MoonCCat est également au texte dans des titres tout autant convaincants et acides : Le voyage ("Il ne faut pas regretter / Ce que la vie nous offre / Il ne faut pas penser que ce n’est pas assez… / Il ne faut pas espérer que les choses s’améliorent"), Le chat Haret, L’idole ou Ton souvenir.
Comme s'il était catapulté dans notre époque, MoonCCat y apporte sa part de mystère, mêlant, dans un album résolument rock, mâtinée de pop eighties (Baudelaire 20 décembre 1855, L’idole), du mysticisme (Le chat Haret), du désespoir (Le voyage), de sensualité (Morganella Morganii qui "provoque des incendies"), de la poésie (Shoot the poet) et du gothique éclatant de lyrisme (Shadow, L’obscurité des nuits).
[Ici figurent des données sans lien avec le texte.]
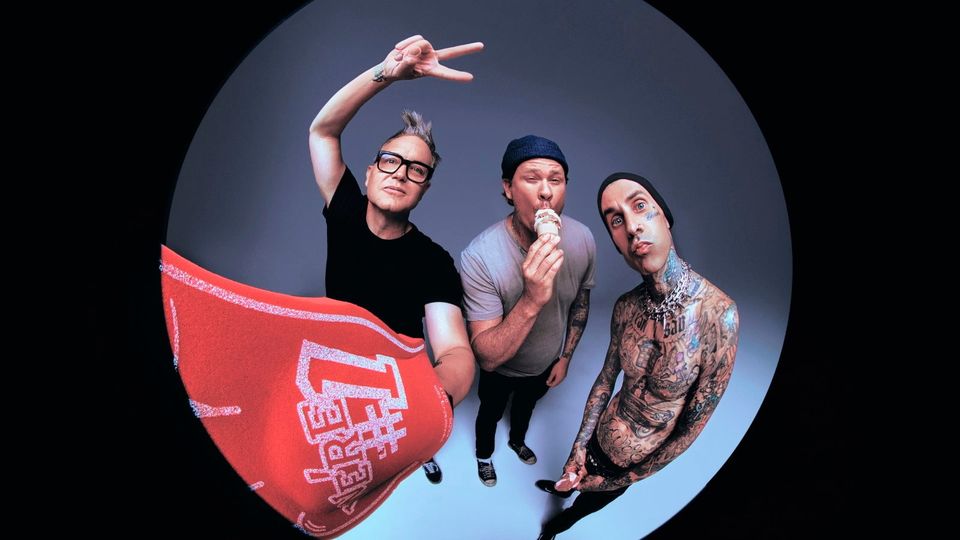 Blink 182 play August 26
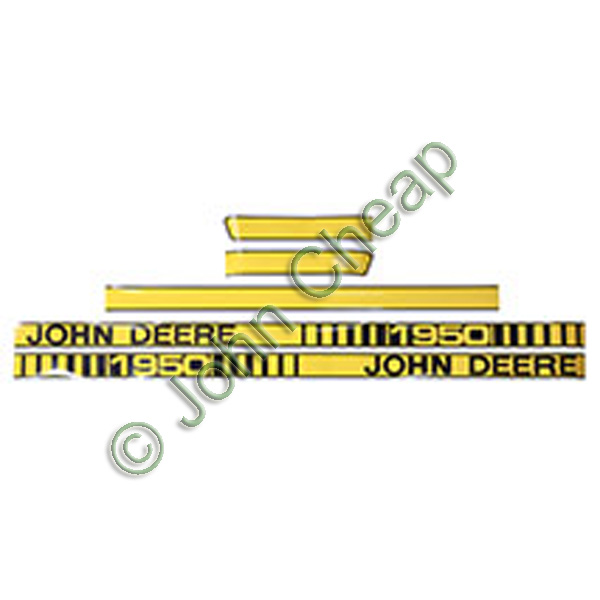 1950 Decal set L63278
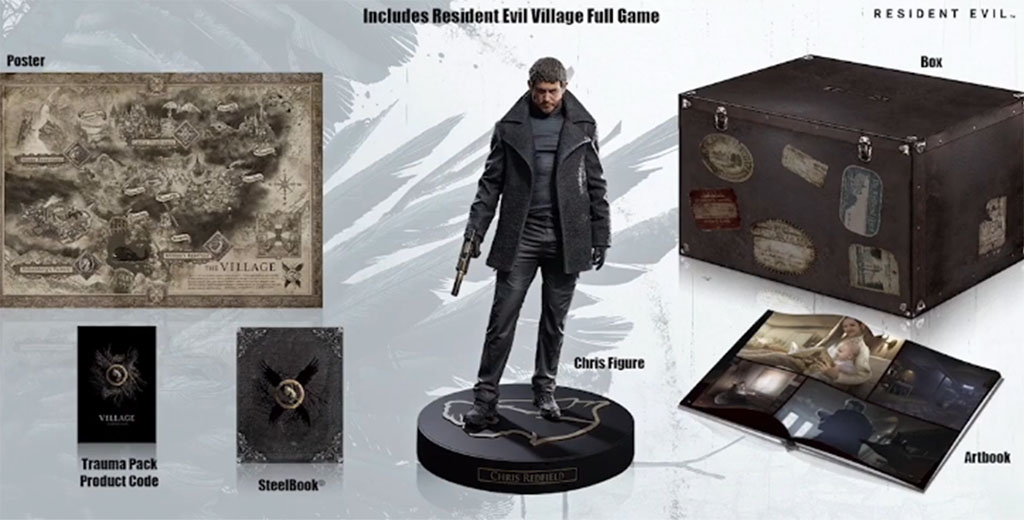 Resident Evil Village Collector's Editions Resident Evil Village Collector's Editions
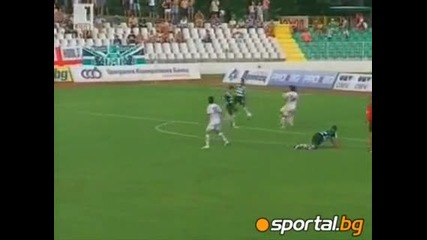 31.7.10 Черно Море - Пирин 2:1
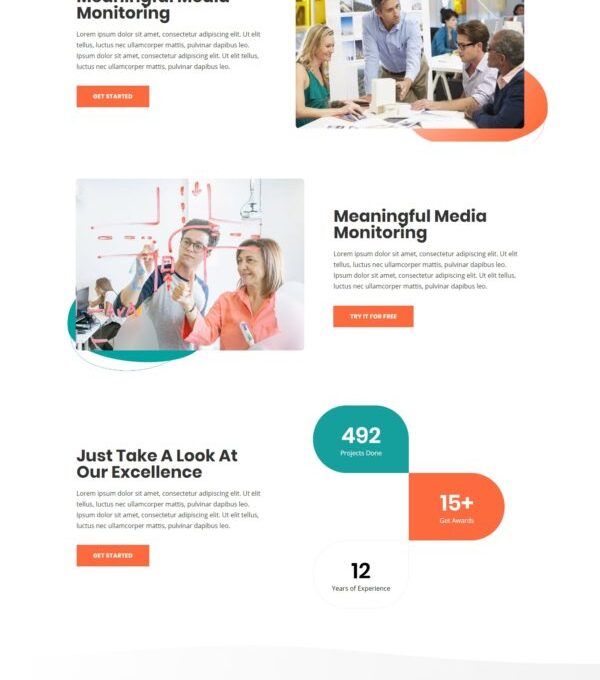 Softup Saas Startup Elementor Templates - Elementor Template Kit - Image 5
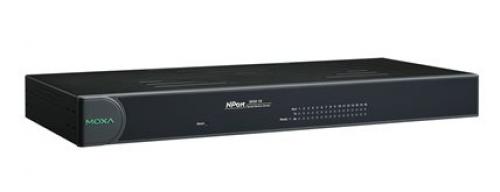 MOXA NPort 5650-16-HV-T 16ポートデバイスサーバ 10/100Mイーサネット 3 インチ 1 RJ-45 8いの一番 88-300VDC -40～85℃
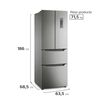 Refrigerador No Frost Fensa DM64S 298 lts.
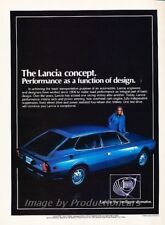 1978 Lancia Beta HPE Coupe Original Advertisement Print Art Car Ad J861 picture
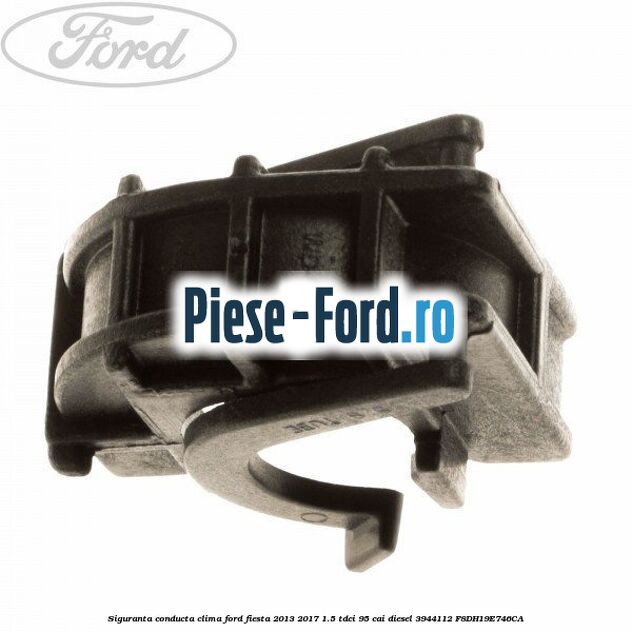 Piuliuta speciala conducta clima Ford Fiesta 2013-2017 1.5 TDCi 95 cai diesel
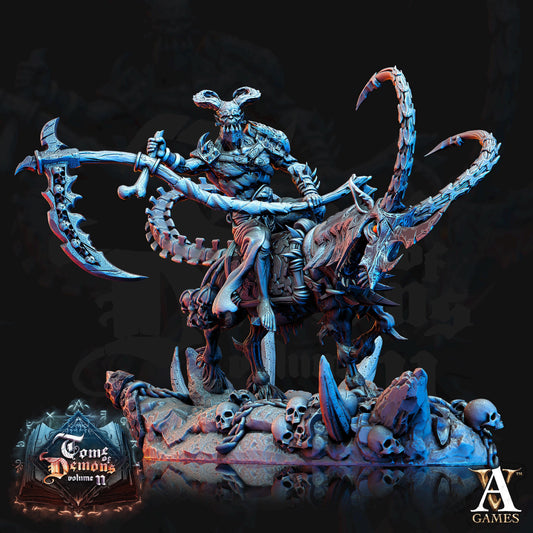 Archvillain Games : Bloodhorn Riders | 3D printed | Tabletop | Dungeons and Dragons | RPG | dnd | collectable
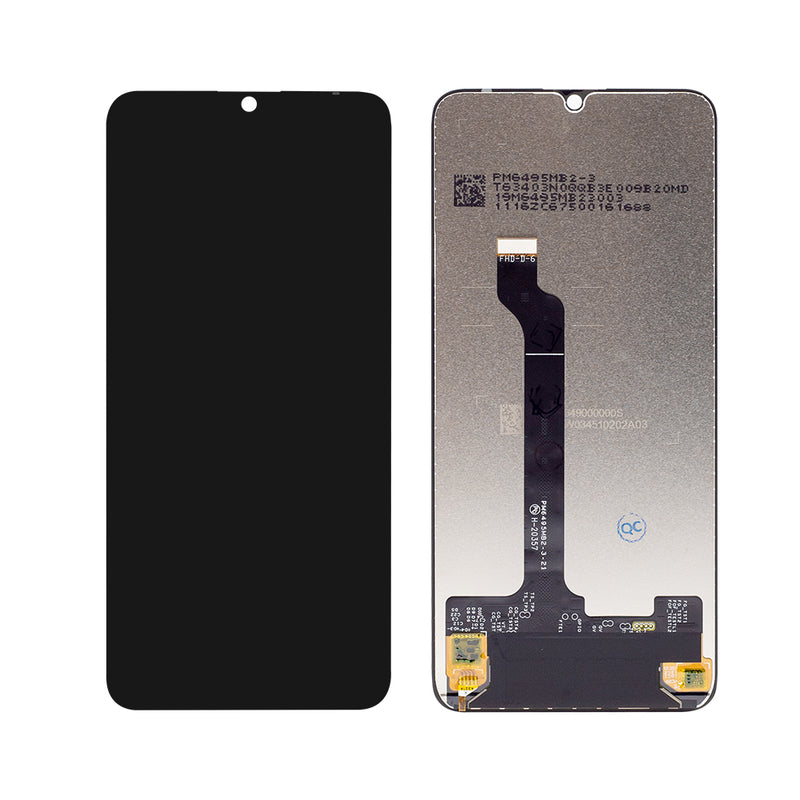 Huawei Enjoy Z 5G Display And Digitizer Black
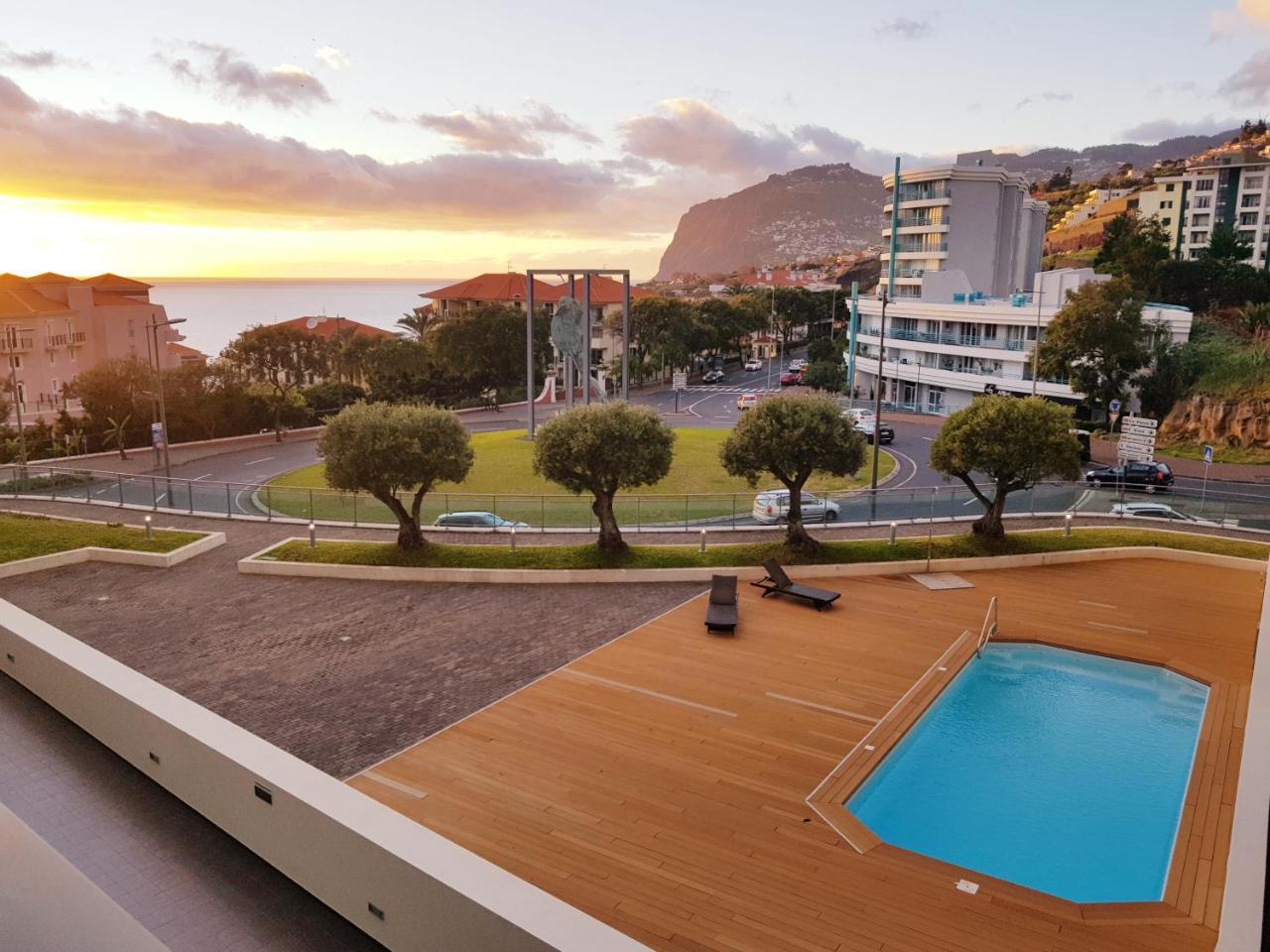 Apartamento Monumental Residence Funchal  Exteriör bild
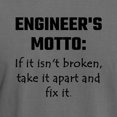 thumbnail image 3 of CafePress - Engineer's Motto: If It Isn't Broken Take T Shirt - Mens Comfort Colors Shirt, 3 of 5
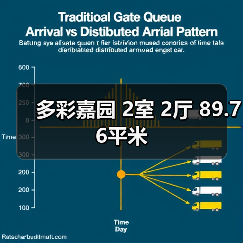多彩嘉园 2室 2厅 89.76平米（图4）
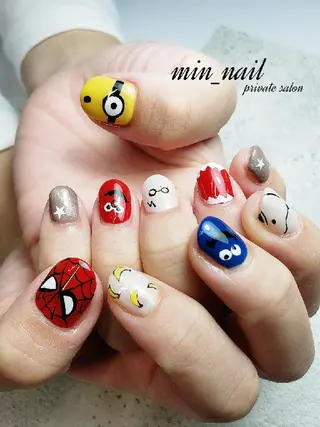 ネイル プライベートサロン lienのネイルデザイン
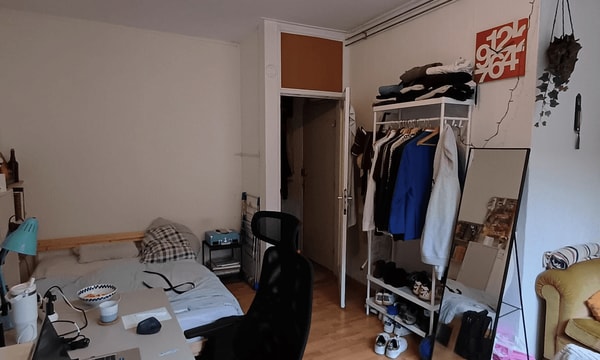 Kamer | 15m² | €650,-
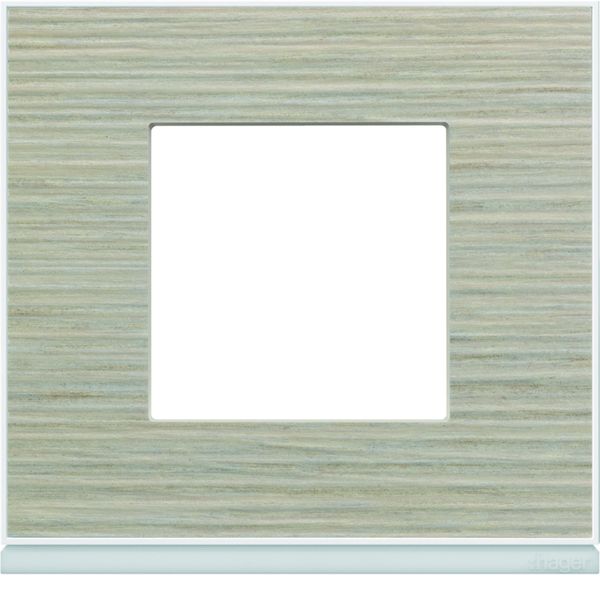 Plaque de finition Gallery 1 poste Latté WXP2502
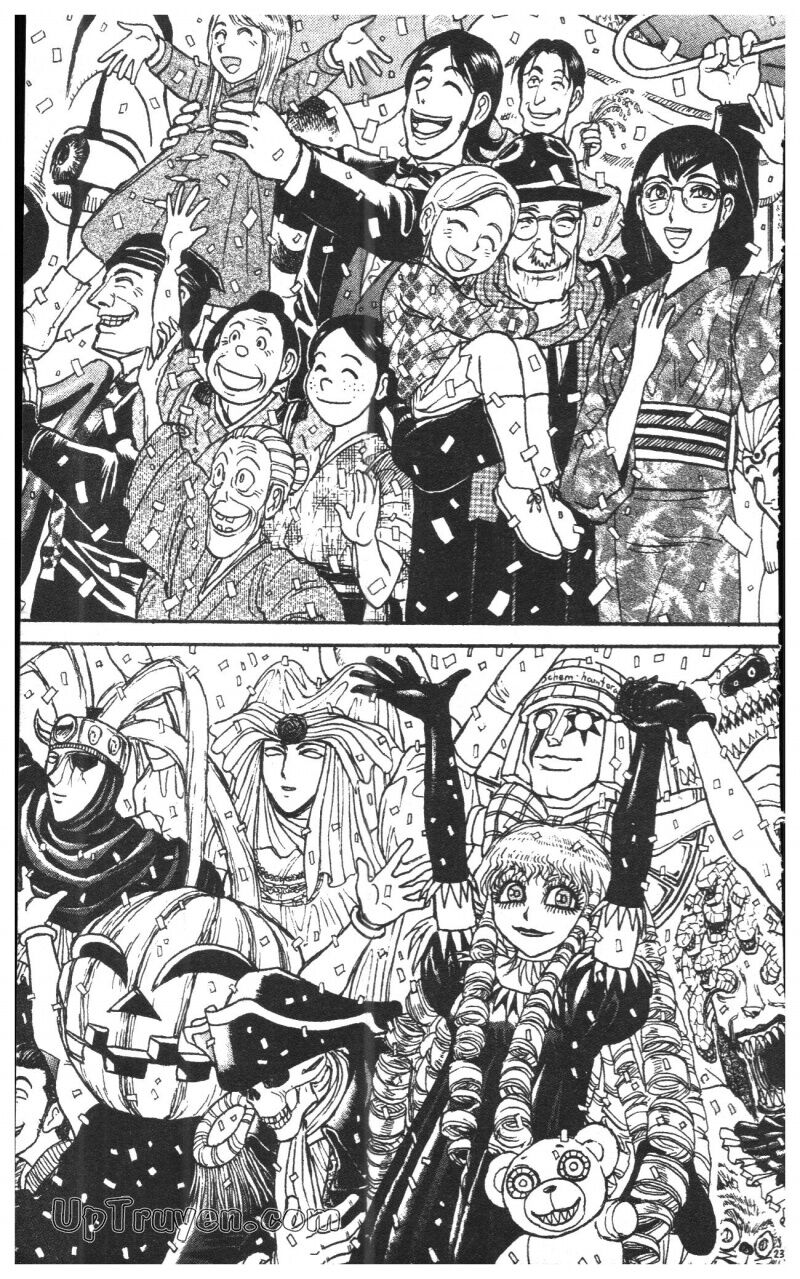 Karakuri Circus - Gánh Xiếc Quái Dị: Chapter 43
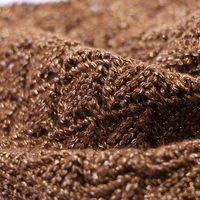 1/6.5NM 85%Cotton 15%Silk Knitted Sweater Fabric Comfortable and Skin Friendly Factory Stock Supply Blended Yarn Fancy Yarn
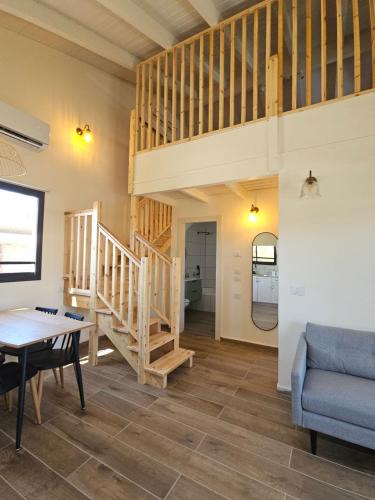 Ein Yahav Cabin | רגע ערבה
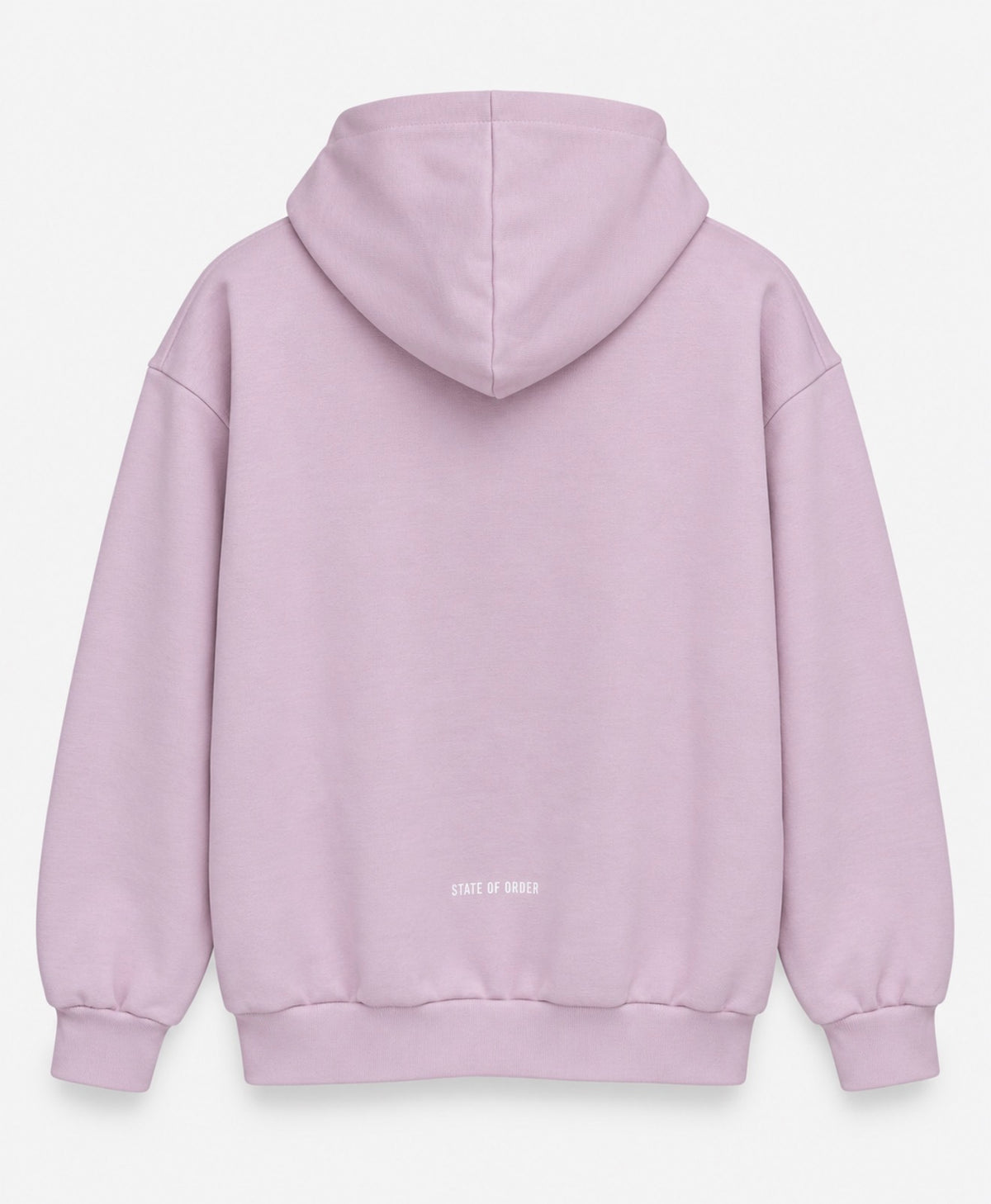 FELPA OVERSIZE CON CAPPUCCIO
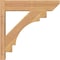Ekena Millwork Merced Slat Smooth Outlooker, Western Red Cedar, 5 1/2"W x 20"D x 20"H OUT06X20X20MRC06SWR - alternate 4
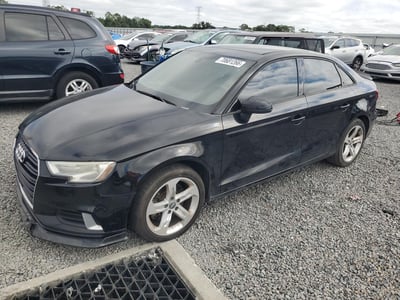 WAUAUHFF5J1****** 2018 Audi A3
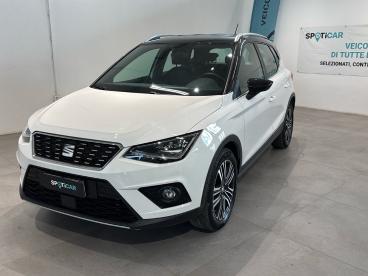 SPOTICAR Seat Arona 1.6 Tdi Xcellence 95cv Usata - City Car Diesel Bianco - Bologna - 602517654_1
"Le premier voyageur temporel à essayer la machine à explorer le temps de H.G. Wells"
Dans cet album d’une belle cohérence figure un morceau énigmatique. Avec Sanatorium Europa, le plus dandy des chanteurs nous transporte dans l’Europe des années 20, sur la trace de Thomas Mann et d’Herman Hesse, lors de son séjour à Monte Verità. Explication de texte par MoonCCat lui-même : "Si les deux auteurs allemands sont peut-être familiers à certains, notamment Thomas Mann et sa Montagne Magique, Monte Verità ne doit pas dire grand chose à grand monde car il s'agit d'une expérience communautaire assez étrange et aujourd'hui oubliée qui a eu lieu au début du XXe siècle en Suisse… Six jeunes gens de bonne famille se sont effectivement lancés dans une aventure unique en son genre : quitter la société moderne dont ils étaient dégoûtés pour créer un nouveau mode de vie destiné à retourner au plus proche de la nature en construisant de toutes pièces un village autarcique auto suffisant qui réunira artistes, peintres, danseurs, chorégraphes, occultistes, anarchistes, bref, une population très éclectique, en recherche d'authenticité. Le village s'éleva à Monte Verità, "la montagne de la vérité", à Ascona en Suisse… C'est une utopie communautaire qui s'est construite et a perduré durant une vingtaine d'années. Elle a brassé de grands noms comme Hermann Hesse, Carl Jung ou Isadora Duncan, entre autre… Le titre raconte le séjour de Hermann Hesse dans ce lieu hors norme. Il ne raconte pas sa rencontre avec un prophète étrange qui à ce moment là, avait quitté la communauté pour vivre en ermite dans une grotte : l'étrange Gustö Gräser, qui fut pour lui une rencontre déterminante et a certainement joué un rôle dans ses romans initiatiques comme Demian et Le Loup des Steppes, avec qui Gräser avait certains traits en commun…"
Sanatorium Europa est une vraie singularité dans un album à l’empreinte XIXe siècle, sombre, beau, érudit et douloureux : "J’ai dans mon cœur un oiseau bleu, / Une charmante créature, / Si mignonne que sa ceinture / N’a pas l’épaisseur d’un cheveu… / Et son bec fin comme une lame, / En continuant son chemin, / M’est entré jusqu’au fond de l’âme."